After demonstrating the internal incoherence of the non-Christian views, the Biblical apologete will argue for truth and the logical consistency of the Scriptures and the Christian worldview revealed therein. He will show how Christianity is self-consistent, how it gives us a coherent understanding of the world. It answers questions and solves problems that other worldviews cannot. This method is not to be considered as a proof for the existence of God or the truth of Scripture, but as proof that the non-Christian view is false. It shows that intelligibility can only be maintained by viewing all things as dependent on the God of Scripture, who is truth itself. This is the proper “presuppositional” approach to apologetics.
Dr.
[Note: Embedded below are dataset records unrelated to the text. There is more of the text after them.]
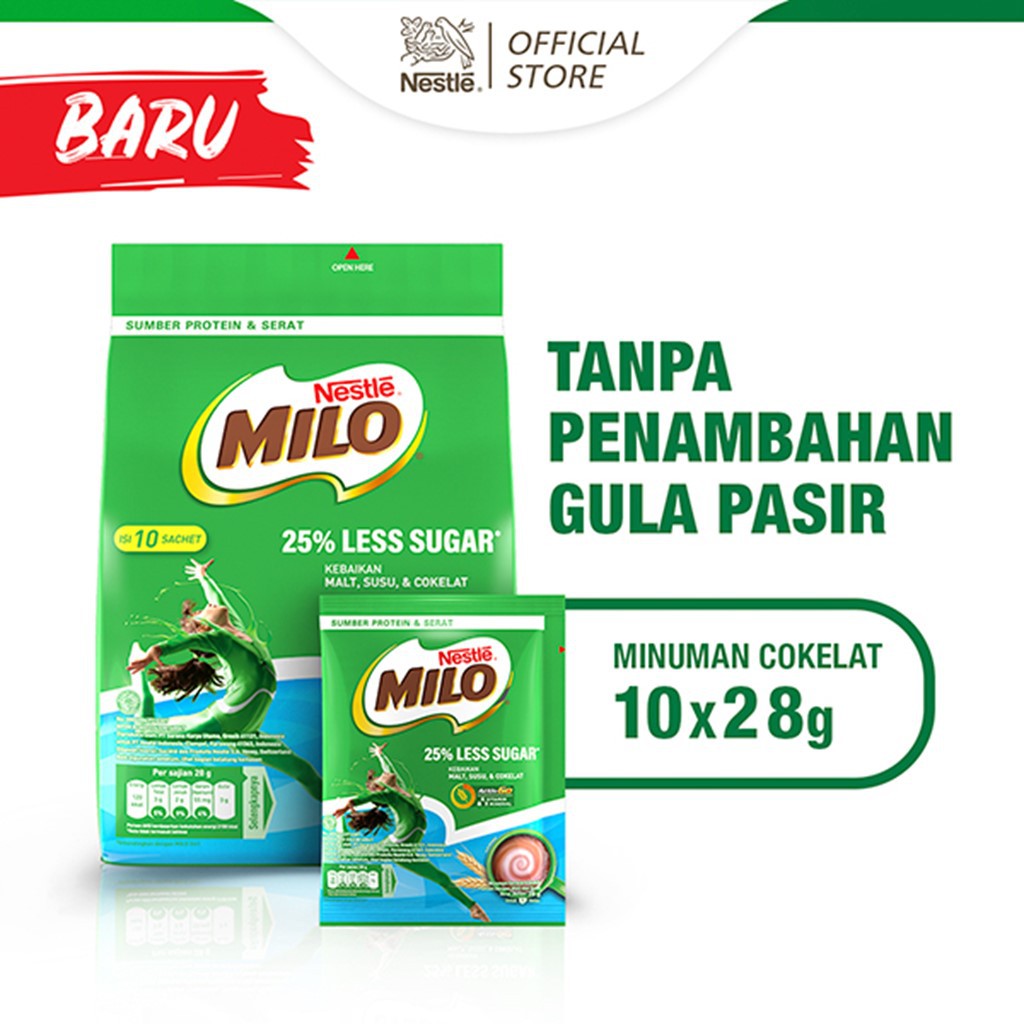 

Milo Susu Serbuk Cokelat Less Sugar 10 x 28 gr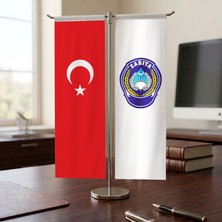Punto Dizayn Zabıta Müdürlüğü Arması ve Türk Bayrağı Kırlangıç T tipi Masa Bayrak Takımı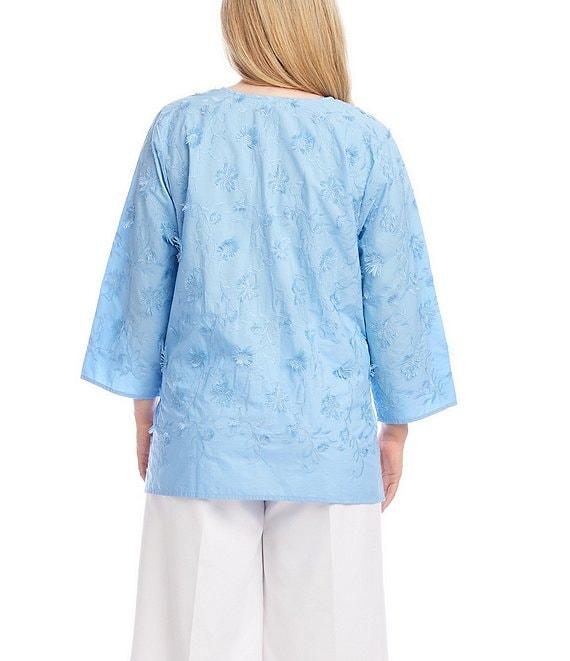 Karen Kane Plus Size Embroidered Split V-Neck 3/4 Sleeve Tunic Product Image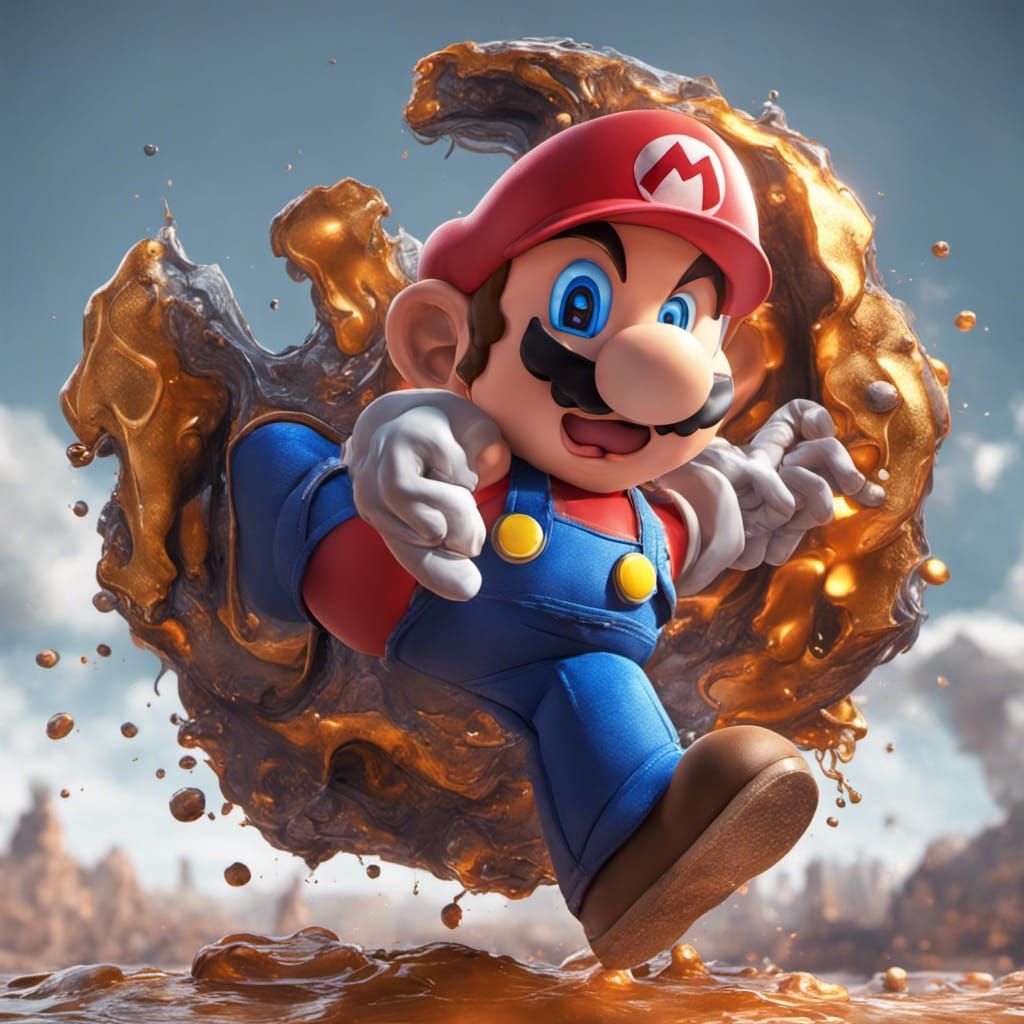 Melting Nintendo Logo with Deep Shadows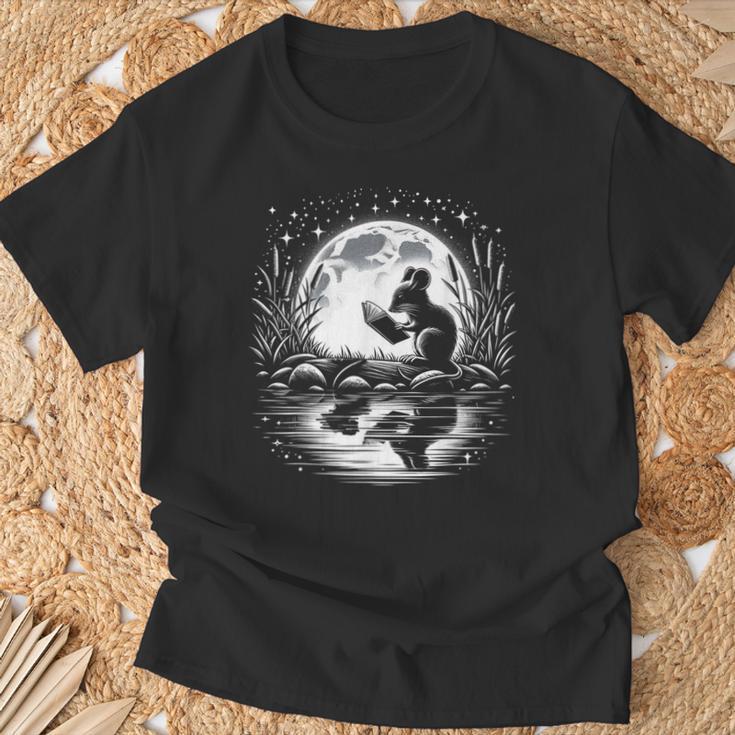 Mouse Reading Book Full Moon Lake Scenery T-Shirt Gifts for Old Men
Clark used the Augustinian “argument from the nature of truth” to reveal the systematic consistency of Christianity. Truth, he argued, must exist. That is, skepticism is false. Even to deny the existence of truth (that is, to say that it is “true” that there is no truth) is to assert that truth does and must exist. Further, it is not possible for truth to change. That which changes, by definition, cannot be true. To deny truth’s eternality (that is, to say that it is “true” that truth is not eternal or that it will someday perish) affirms its eternal nature. And since truth can exist only in the form of propositions, it must be mental (that is, being propositional, it can exist only in the mind). But seeing that the mind of man is not eternal and unchangeable, there must be a mind superior to the mind of man which is eternal and unchangeable: the mind of God. God, as Scripture testifies, and the Westminster Confession of Faith (1:4) (7) confirms, is “truth itself.” Therefore, if a man knows any truth, he also knows something of God, because God revealed it to him.
According to Dr. Clark, then, the defense of the Christian faith involves two basic steps. First, the Christian apologete must show the unbeliever that the axioms of secular systems result in self-contradiction. Second, the apologete should point out the internal consistency of the Christian system. When these two points have been made clear, the Christian will urge the unbeliever to repudiate the axioms of secularism and accept God’s revelation. This approach neither undermines the presupposition of Biblical revelation as foundational to a Christian worldview in general nor to apologetics in particular. Rather, it argues (ad hominem) from the standpoint of the unbeliever to show him the futility of his worldview and the consistent worldview presented in the Christian system. Dr. Clark’s “come now, and let us reason together” (Isaiah 1:18) approach, however, is not looked upon with favor by Greg Bahnsen who prefers a more heavy-handed “dogmatic criticism” method (as will be noticeable below).
* Apagogic: proving indirectly, by showing the absurdity, or impossibility of the contrary.